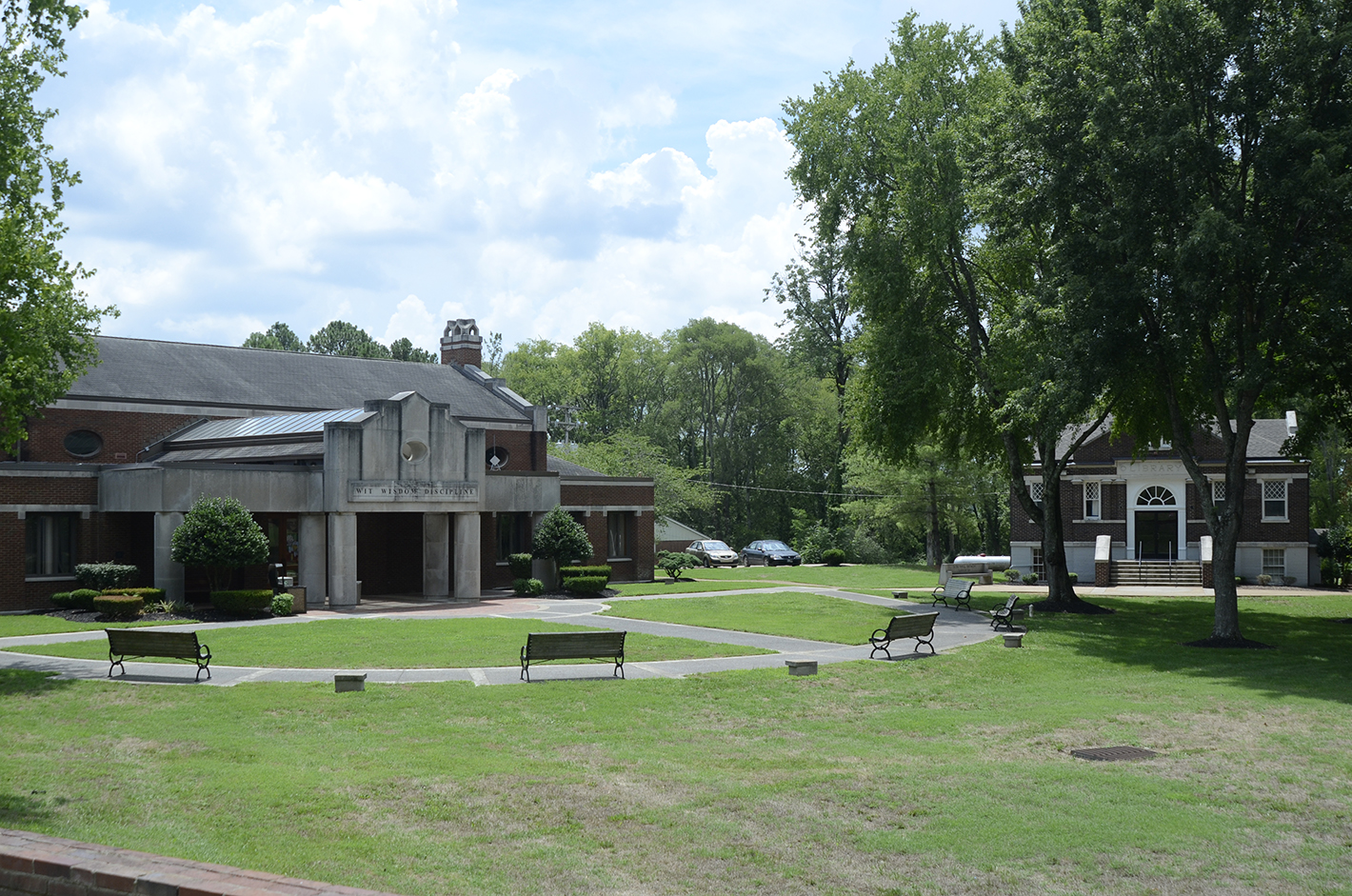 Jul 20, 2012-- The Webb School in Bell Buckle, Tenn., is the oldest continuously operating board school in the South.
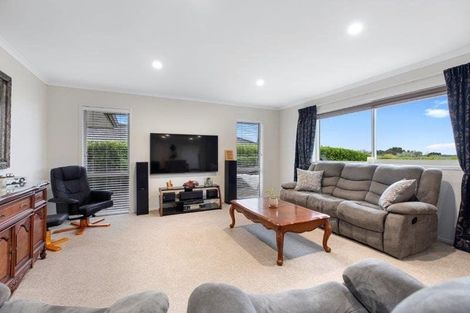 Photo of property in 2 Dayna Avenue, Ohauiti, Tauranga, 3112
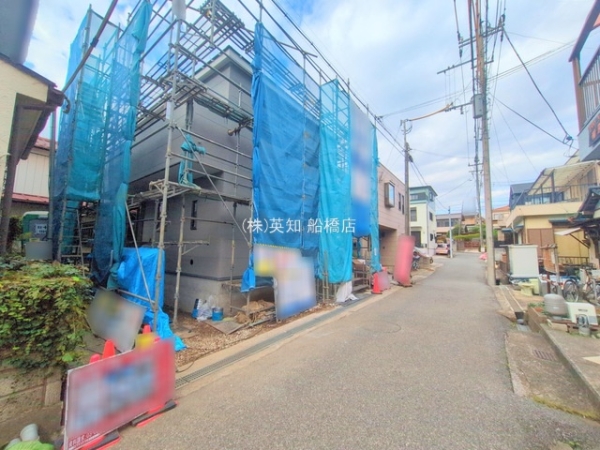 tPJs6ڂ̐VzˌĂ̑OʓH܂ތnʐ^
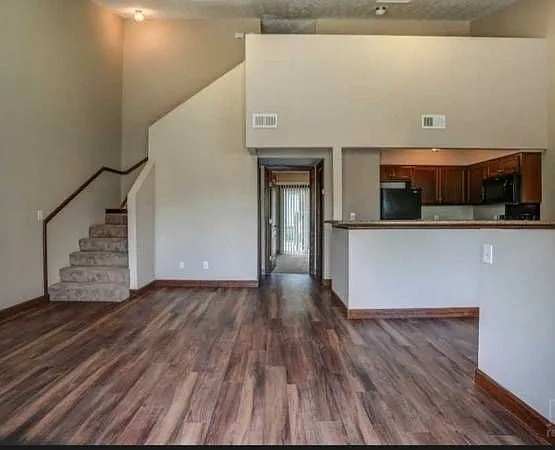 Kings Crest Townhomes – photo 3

══════════════════════════════

## Task brief
Reproduce the material word for word, minus the images.

## Result below
 Jul 20, 2012-- The Webb School in Bell Buckle, Tenn., is the oldest continuously operating board school in the South.
 Photo of property in 2 Dayna Avenue, Ohauiti, Tauranga, 3112
 tPJs6ڂ̐VzˌĂ̑OʓH܂ތnʐ^
 Kings Crest Townhomes – photo 3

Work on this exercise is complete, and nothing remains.